MATERIAL FOR THE TASK below:
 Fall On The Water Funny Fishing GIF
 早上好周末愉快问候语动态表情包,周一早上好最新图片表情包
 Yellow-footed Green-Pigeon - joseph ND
End of MATERIAL FOR THE TASK.
MATERIAL FOR THE TASK below:
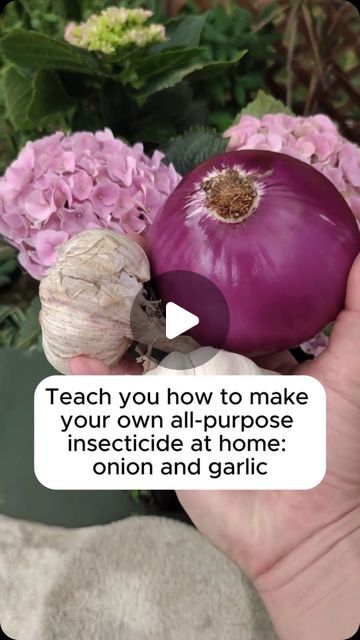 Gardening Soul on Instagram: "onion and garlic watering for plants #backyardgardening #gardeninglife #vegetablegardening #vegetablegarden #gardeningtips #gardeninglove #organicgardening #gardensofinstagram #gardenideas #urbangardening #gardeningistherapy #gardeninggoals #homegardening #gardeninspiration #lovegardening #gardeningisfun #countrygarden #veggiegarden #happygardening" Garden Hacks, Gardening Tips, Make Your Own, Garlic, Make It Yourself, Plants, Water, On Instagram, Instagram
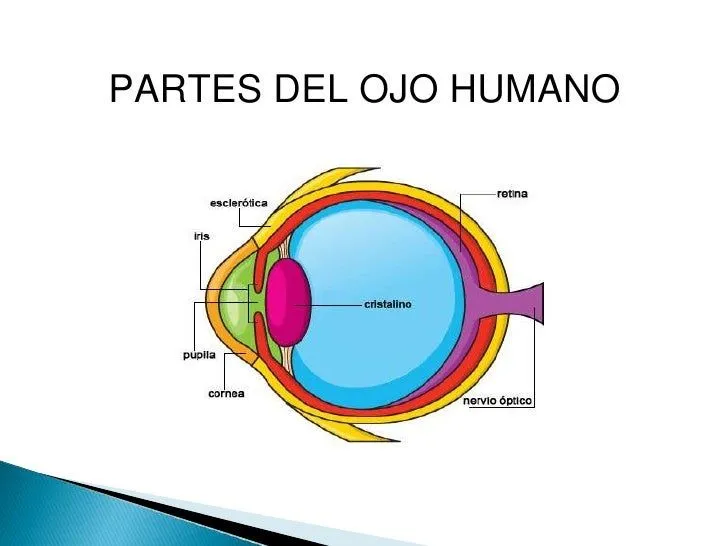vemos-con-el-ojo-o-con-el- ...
End of MATERIAL FOR THE TASK.
§ **TASK BRIEF**:
Where the listing above reaches the line that contains "早上好周末愉快问候语动态表情包,周一早上好最新图片表情包", start retyping, and finish with the line that contains "Yellow-footed Green-Pigeon - joseph ND"; reproduce those lines exactly and no others.

§ **EXERCISE ANSWER**:
 早上好周末愉快问候语动态表情包,周一早上好最新图片表情包
 Yellow-footed Green-Pigeon - joseph ND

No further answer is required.